When you repeat the listing below, keep every word exactly and leave out each picture.

Given data –
___

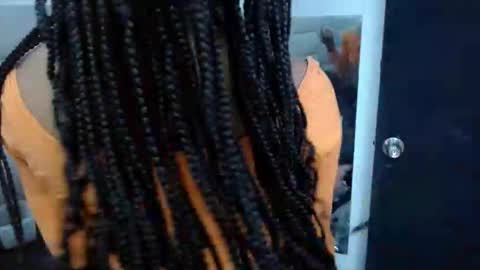 Snapshot of winnybarness chatting on November 2025 02:00:02 AM WinnyBarness online show from November 2025 02:00:02 AM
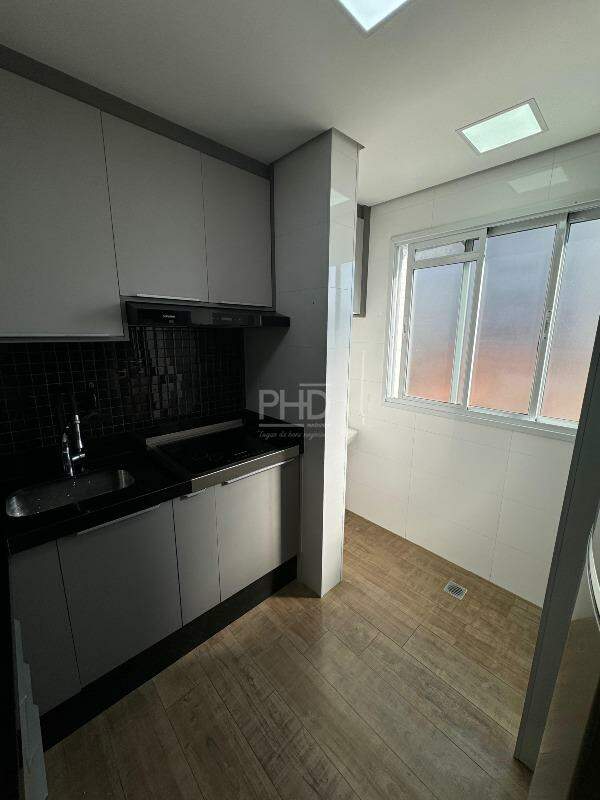 Apartamento à venda com 2 quartos, 49m² - Foto 6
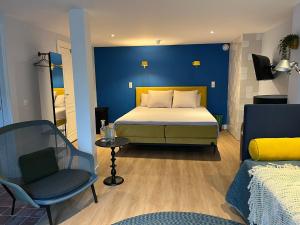 乌得勒支MUZE Hotel Utrecht的一间卧室设有一张床和蓝色的墙壁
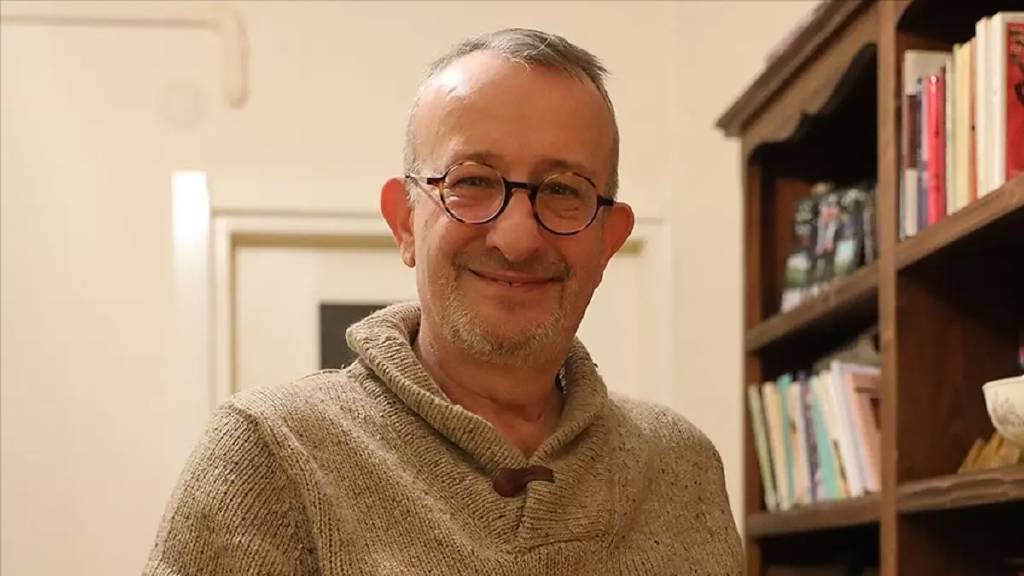 Naşit Özcan son yolculuğuna uğurlanıyor! Eşinden duygulandıran veda...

___

Reply to the exercise –
 Snapshot of winnybarness chatting on November 2025 02:00:02 AM WinnyBarness online show from November 2025 02:00:02 AM
 Apartamento à venda com 2 quartos, 49m² - Foto 6
 乌得勒支MUZE Hotel Utrecht的一间卧室设有一张床和蓝色的墙壁
 Naşit Özcan son yolculuğuna uğurlanıyor! Eşinden duygulandıran veda...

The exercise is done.